WHAT YOU SHOULD DO
Using the records below, copy exactly the part that opens with the line holding "I.G.N - Carte" and closes with the line holding "PLR Digital Products", minus the pictures.

SOURCE RECORDS
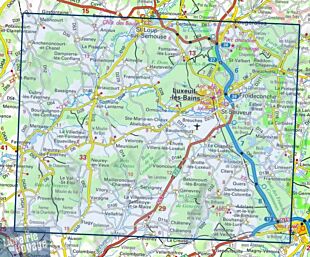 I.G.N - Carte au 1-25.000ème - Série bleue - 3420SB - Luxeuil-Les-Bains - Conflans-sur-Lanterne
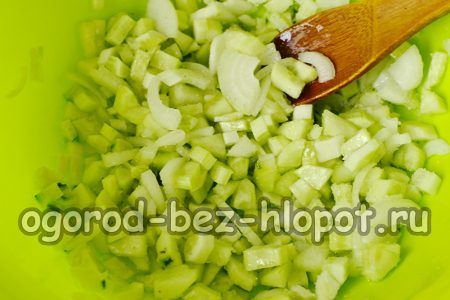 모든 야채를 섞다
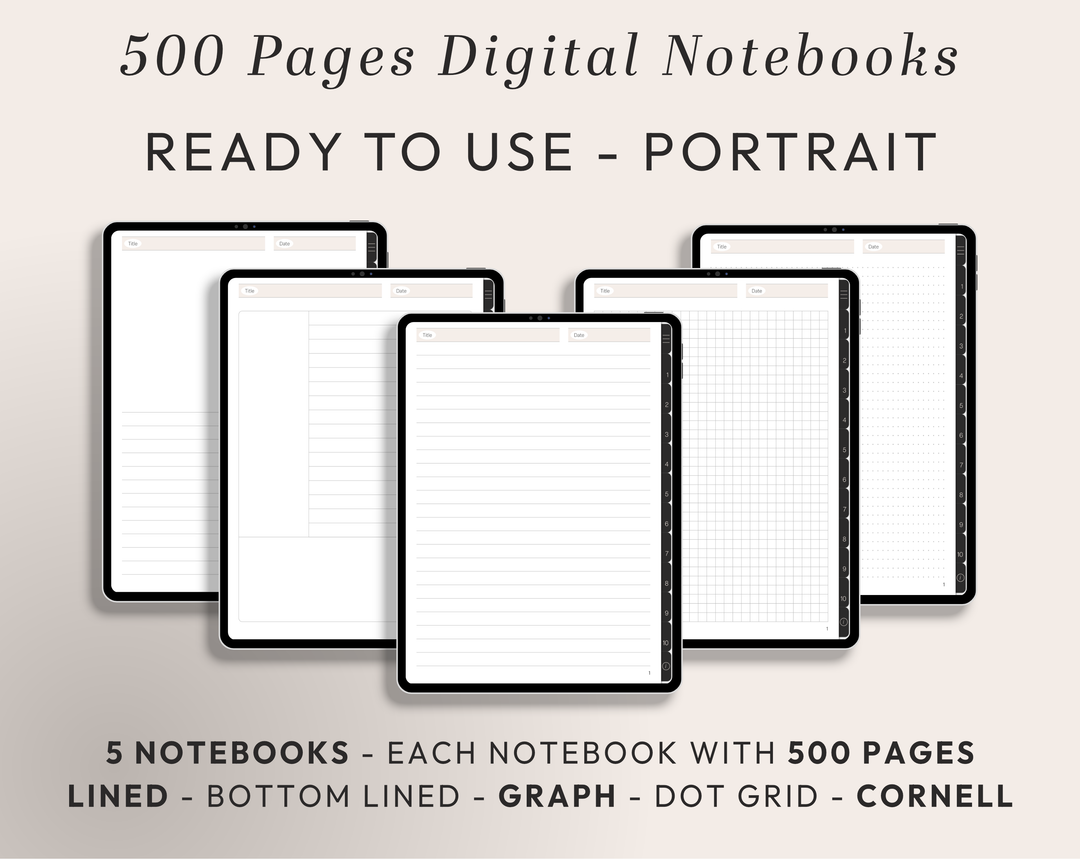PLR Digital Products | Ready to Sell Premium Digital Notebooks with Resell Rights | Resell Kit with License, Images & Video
---
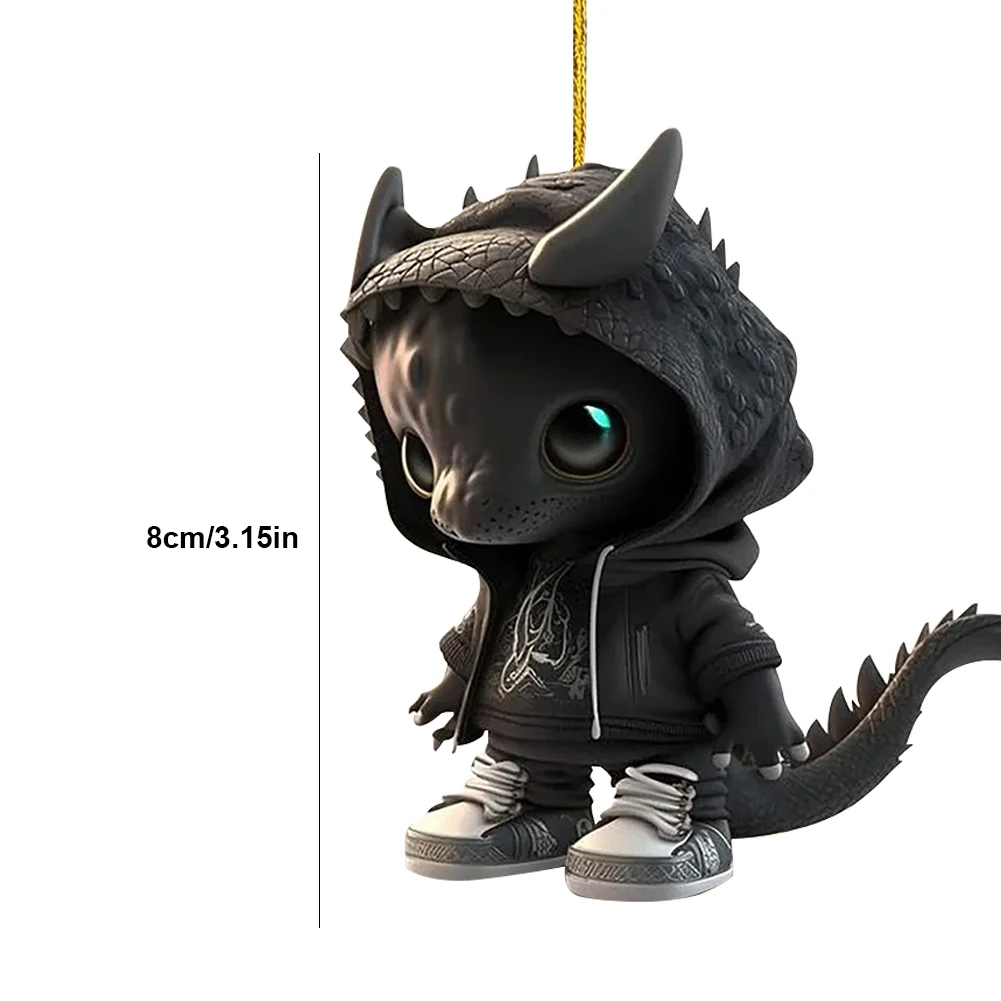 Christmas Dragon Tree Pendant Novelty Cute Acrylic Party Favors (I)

EXERCISE RESPONSE
 I.G.N - Carte au 1-25.000ème - Série bleue - 3420SB - Luxeuil-Les-Bains - Conflans-sur-Lanterne
 모든 야채를 섞다
PLR Digital Products | Ready to Sell Premium Digital Notebooks with Resell Rights | Resell Kit with License, Images & Video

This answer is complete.